Size-dependent rheology of type-I collagen networks
Richard C. Arevalo, Jeffrey S. Urbach, Daniel L. Blair

TL;DR
This study explores how the rheological response of type-I collagen networks varies with system size, revealing that gel thickness influences stiffness and failure, impacting tissue mechanics and scaffold design.
Contribution
It demonstrates the size-dependent rheological behavior of collagen gels, linking gel thickness to network stiffening and failure mechanisms.
Findings
Gel stiffness depends on gel thickness in the strain-stiffening regime.

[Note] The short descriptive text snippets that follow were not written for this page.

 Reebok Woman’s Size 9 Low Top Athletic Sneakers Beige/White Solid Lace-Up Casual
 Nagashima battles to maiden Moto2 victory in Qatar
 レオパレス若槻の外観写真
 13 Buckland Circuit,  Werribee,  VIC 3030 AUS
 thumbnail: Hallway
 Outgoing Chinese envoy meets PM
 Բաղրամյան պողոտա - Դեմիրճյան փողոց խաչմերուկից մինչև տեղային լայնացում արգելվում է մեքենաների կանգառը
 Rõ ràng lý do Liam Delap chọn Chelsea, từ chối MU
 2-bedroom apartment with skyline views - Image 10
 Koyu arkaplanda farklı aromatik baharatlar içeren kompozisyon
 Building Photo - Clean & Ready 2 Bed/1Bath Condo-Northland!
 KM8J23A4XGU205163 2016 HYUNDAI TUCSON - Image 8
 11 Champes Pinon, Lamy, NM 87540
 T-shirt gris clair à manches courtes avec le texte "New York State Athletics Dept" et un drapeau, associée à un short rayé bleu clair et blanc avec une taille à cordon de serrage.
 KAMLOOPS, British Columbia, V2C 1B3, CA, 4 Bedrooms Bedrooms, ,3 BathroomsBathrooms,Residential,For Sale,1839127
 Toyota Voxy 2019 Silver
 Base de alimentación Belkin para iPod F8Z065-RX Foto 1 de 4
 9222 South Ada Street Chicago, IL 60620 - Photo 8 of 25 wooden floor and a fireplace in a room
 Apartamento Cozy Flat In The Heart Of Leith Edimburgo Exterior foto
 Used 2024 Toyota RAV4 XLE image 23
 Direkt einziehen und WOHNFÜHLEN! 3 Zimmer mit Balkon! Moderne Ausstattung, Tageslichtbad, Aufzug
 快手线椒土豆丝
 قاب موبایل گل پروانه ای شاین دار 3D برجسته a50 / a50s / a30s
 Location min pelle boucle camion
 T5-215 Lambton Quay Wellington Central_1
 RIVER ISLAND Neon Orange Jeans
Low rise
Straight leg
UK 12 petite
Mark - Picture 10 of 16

Network failure is governed by the ratio of gel thickness to mesh size.
Size effects have implications for tissue mechanics and biomimetic scaffold engineering.
Abstract
We investigate the system size dependent rheological response of branched type I collagen gels. When subjected to a shear strain, the highly interconnected mesh dynamically reorients, resulting in overall stiffening of the network. When a continuous shear strain is applied to a collagen network, we observe that the local apparent modulus, in the strain-stiffening regime, is strongly dependent on the gel thickness. In addition, we demonstrate that the overall network failure is determined by the ratio of the gel thickness to the mesh size. These findings have broad implications for cell-matrix interactions, the interpretation of rheological tissue data, and the engineering of biomimetic scaffolds.